How to Record a Phone Call on iPhone & Android (2026)

⚠️ Legal Disclaimer

This article is for informational purposes only and does not constitute legal advice. Phone recording laws vary by jurisdiction. In the US, 11 states require all-party consent. In the EU, GDPR applies. Consult a lawyer before recording any call you're unsure about.

The first time I needed to record a phone call, I was on an iPhone 12 and I assumed there was a button for it somewhere. There wasn't. I spent forty minutes downloading three different apps, two of which wanted $10 a month, and the third played a loud beep every ten seconds that the other person could hear. The call was with a vendor who'd promised a refund and I wanted it on record. I ended up putting the call on speakerphone and recording with a second phone's voice memo app like an animal. It worked. Barely.

Things are better now. iOS 18 finally added native call recording in 2024. Android has had it for years on some devices. But the legal stuff — that hasn't gotten simpler. If anything, it's more confusing because people assume "there's an app for it" means "it's legal." It doesn't. Recording a call without consent in the wrong state can be a crime. So before we get into the how, we need to talk about the whether.
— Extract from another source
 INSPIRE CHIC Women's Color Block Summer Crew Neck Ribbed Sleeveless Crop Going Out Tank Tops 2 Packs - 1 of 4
This guide covers how to record a phone call on iPhone and Android, the legal landscape you need to navigate, and what to do with the recording once you have it — including turning it into text.

What's in this guide:

1. The legal stuff (read this first)

2. Recording on iPhone

3. Recording on Android

4. Turning recordings into text

5. FAQ

 

Legal data verified January 2025. Method comparisons based on testing across iPhone 15 and Pixel 8.

I'm putting this before the technical instructions for a reason. If you record a call illegally, it doesn't matter how good your app is. The recording is inadmissible in court, you could face criminal charges, and in some states the other party can sue you. The tech is the easy part. The law is the hard part.
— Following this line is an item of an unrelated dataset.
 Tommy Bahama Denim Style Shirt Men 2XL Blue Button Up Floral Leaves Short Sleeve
US phone recording laws fall into two categories:

One-party consent (39 states). Only one person on the call needs to know about the recording. That person can be you. You don't have to tell the other party. This covers most of the country, including New York, Texas, Ohio, Georgia, and Colorado.

All-party consent (11 states + Washington DC). Everyone on the call must consent to being recorded. If you're in one of these states — or if the other person is — you need to tell them and get their okay before hitting record.
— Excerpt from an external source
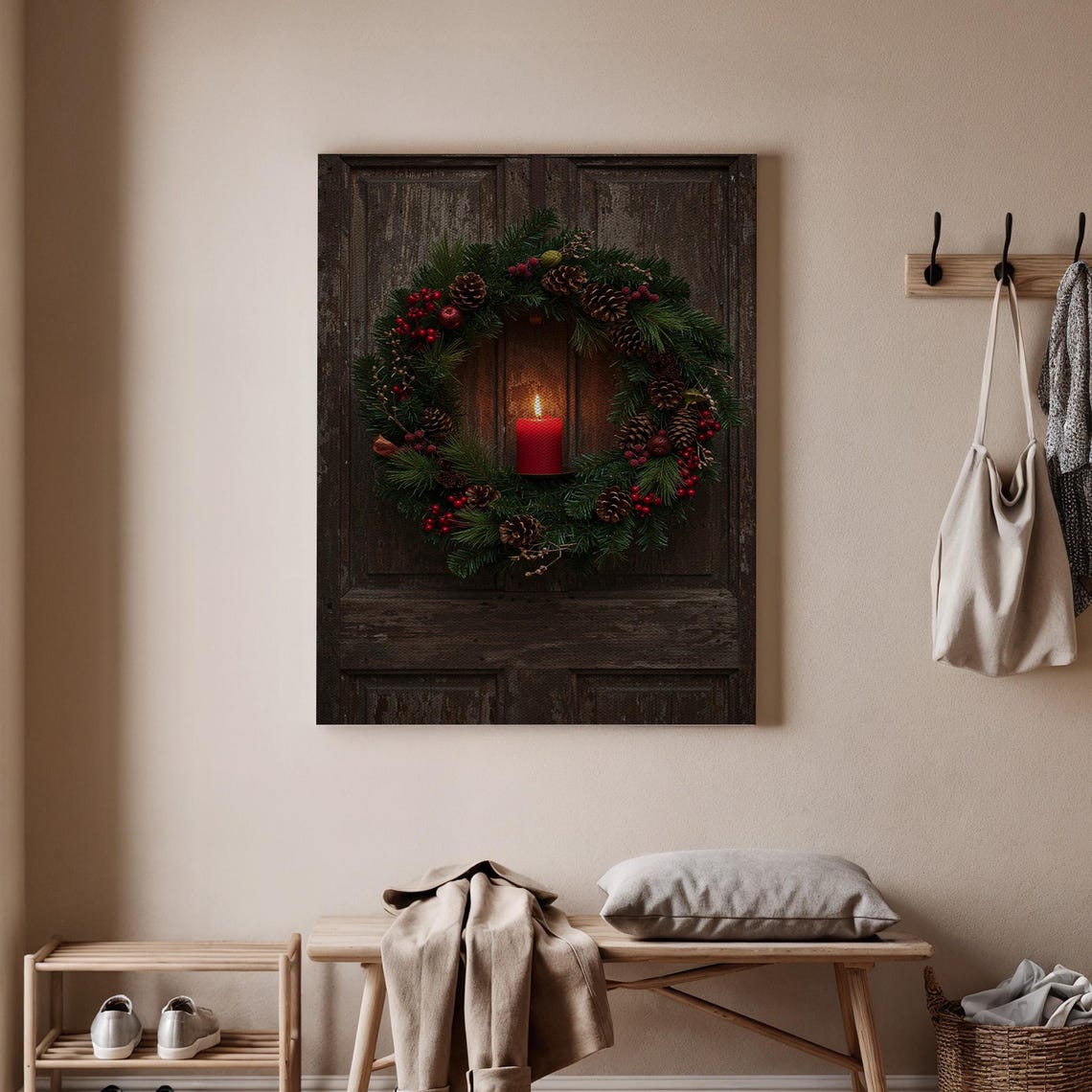 Christmas Wreath Candle Rustic Wooden Door Pinecone Holiday Poster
The list of all-party consent states, below. If you or the other person are in any of these, you need consent:

All-Party Consent States

Notes

California

Strictly enforced. Recording without consent is a criminal offense.

Connecticut

All-party consent for in-person and phone conversations.

Florida

Criminal penalty; civil lawsuits common.

Illinois

All-party consent. Has been litigated extensively.

Maryland

All-party consent. Notable case: State v. Wiretap.

Massachusetts

All-party consent. Criminal penalties apply.

Michigan

All-party consent (case law has created some ambiguity).

Montana

All-party consent. Requires notification of all parties.

Nevada

Technically one-party, but courts have treated it as all-party. Treat as all-party to be safe.

New Hampshire

All-party consent.

Pennsylvania

All-party consent. Strictly enforced.

Washington (DC)

All-party consent.

 

Outside the US: The EU's GDPR requires explicit consent before recording. Brazil's LGPD is similar. If you're recording a call with someone in another country, check that country's laws. When in doubt, ask.

Disclosure script template

If you need to disclose (all-party consent states or business calls), keep it simple and upfront:

Recording on iPhone

For years, iPhone users had to jump through hoops to record calls. iOS 18 changed that. But depending on your iOS version and needs, there are still four different approaches. I'll cover all of them.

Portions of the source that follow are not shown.